__WHAT IS EXPECTED__:
Once the pictures are removed, restate the listing word for word.

------ DATASET SECTION

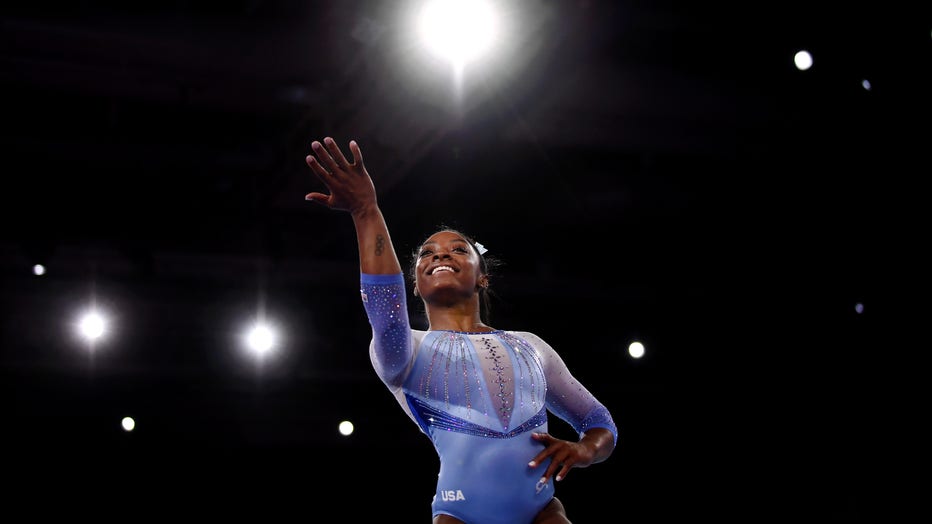 Simone-Biles-GETTY.jpg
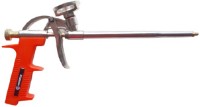 Pistol pentru sealant Bauwelt 01910-700110
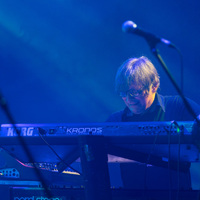 Bajaga i Instruktori, credit: Filip Bušić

------------

__SOLUTION TO THIS EXERCISE__:
 Simone-Biles-GETTY.jpg
 Pistol pentru sealant Bauwelt 01910-700110
 Bajaga i Instruktori, credit: Filip Bušić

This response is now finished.